Workflows are scripts — mostly Quarto notebooks — that ingest source datasets, merge taxonomic authorities, compute scores, and build the derived artifacts consumed by the serving tier. They are the only writers of sdm.duckdb; everything downstream (Shiny apps, the TiTiler factory, the plumber API) reads it in read-only mode.

Links:

See Figure 10.5 for a visual summary and Chapter 12 for the target schema.

13.1 Ingest workflows (populate sdm.duckdb)

Each source dataset has a dedicated ingest_*.qmd that writes rows to cell_metric, model_cell, taxon, dataset and related tables:

Workflow Source
ingest_aquamaps_to_sdm_duckdb.qmd AquaMaps predictions (∼16,800 models)
ingest_sdm-nc.qmd, ingest_sdm-gm.qmd NOAA/GEBCO cetacean + sea-turtle distribution models
ingest_taxon.qmd Unified taxonomy from WoRMS, eBird
ingest_nmfs-fws-listings.qmd, ingest_iucn*.qmd Conservation status (ESA listings, IUCN Red List)
ingest_prot.qmd, ingest_blocks.qmd, ingest_mregions.qmd Spatial zones (protractions, blocks, marine regions)
merge_models.qmd Authority merging — unified taxon table, taxon_model junction, merged mdl_seq per species

13.2 Scoring workflow (cell_metric + zone_metric)

  • calc_scores.qmd — the primary scoring pipeline.
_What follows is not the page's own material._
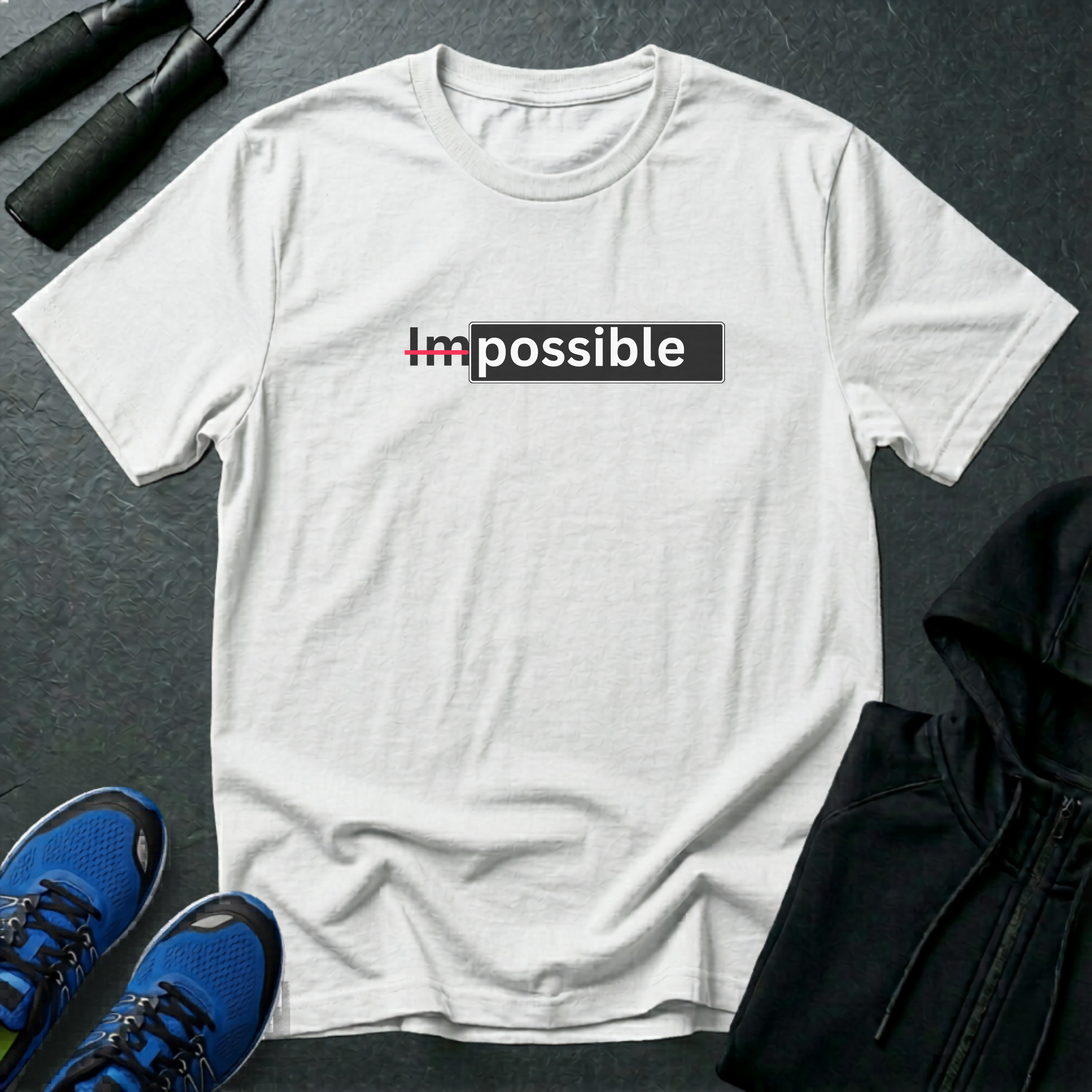 Impossible → Possible T-Shirt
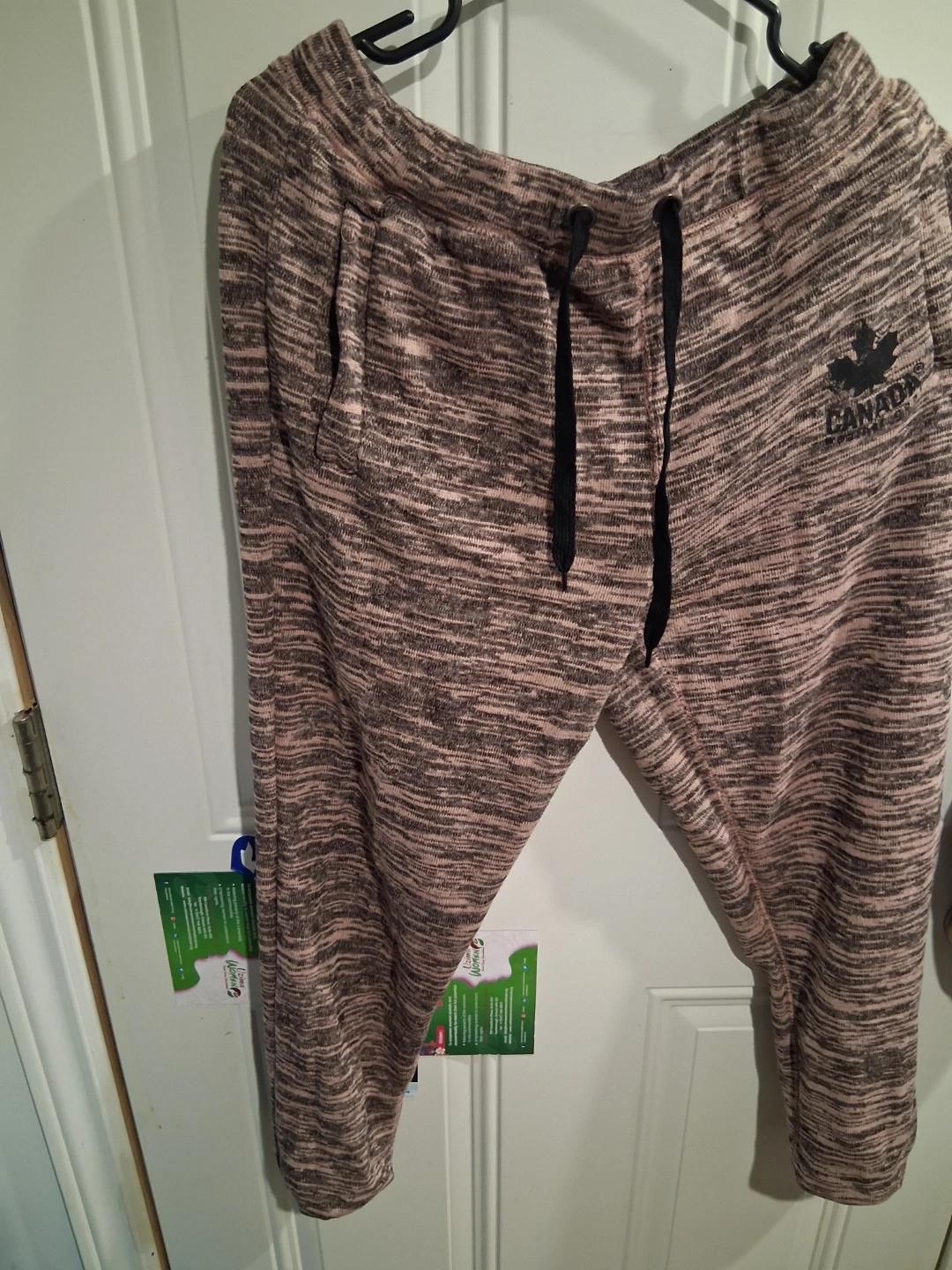Canada Maple Leaf Jogger Sweatpants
Loads sdm.duckdb read-write, computes extinction-risk metrics by species category (e.g., extrisk_bird, extrisk_fish, extrisk_mammal), writes rows to cell_metric, and aggregates into zone_metric for both Program Area and subregion zones. Also exports helper caches (taxon.csv, layers_v6.csv, flower_default_subregions.csv) used by the Shiny apps at startup.
  • update_scores.qmd — targeted remap when the score scale changes (e.g., the 2026 migration from the old 70/90 critical-habitat scale to the unified er_score EN=100 / TN=50 / LC=1 scale).

13.3 Derived artifacts for the serving tier

Two one-shot build steps produce the binary artifacts that sit next to sdm.duckdb on /share:

  • server/titiler/scripts/make_cellid_cog.py — one-shot script that reads band 1 of the source multi-band raster (r_bio-oracle_planarea.tif, stored in 0–360° longitude convention for contiguous US EEZ coverage across the Pacific), casts NaN → 0 + float32 → uint32, wraps longitudes to standard −180..180°, and writes a single-band tiled GeoTIFF at /share/data/derived/r_cellid.tif. No overviews — nearest-neighbor reads at native resolution are fast enough for z ≤ 4 and interpolating overviews would corrupt integer cell ids.
  • PMTiles builds — offline tippecanoe runs over the source GeoPackages (ply_programareas_2026, ply_ecoregions_2025, ply_planareas_2025, …) produce .pmtiles archives, published to /share/pmtiles/ and served by Caddy at file.marinesensitivity.org/pmtiles/<layer>.pmtiles.

Re-run either when the underlying data changes; the Shiny app’s mtime cache-busting parameter (tied to sdm.duckdb’s mtime) invalidates cached tiles automatically when the DB is rebuilt.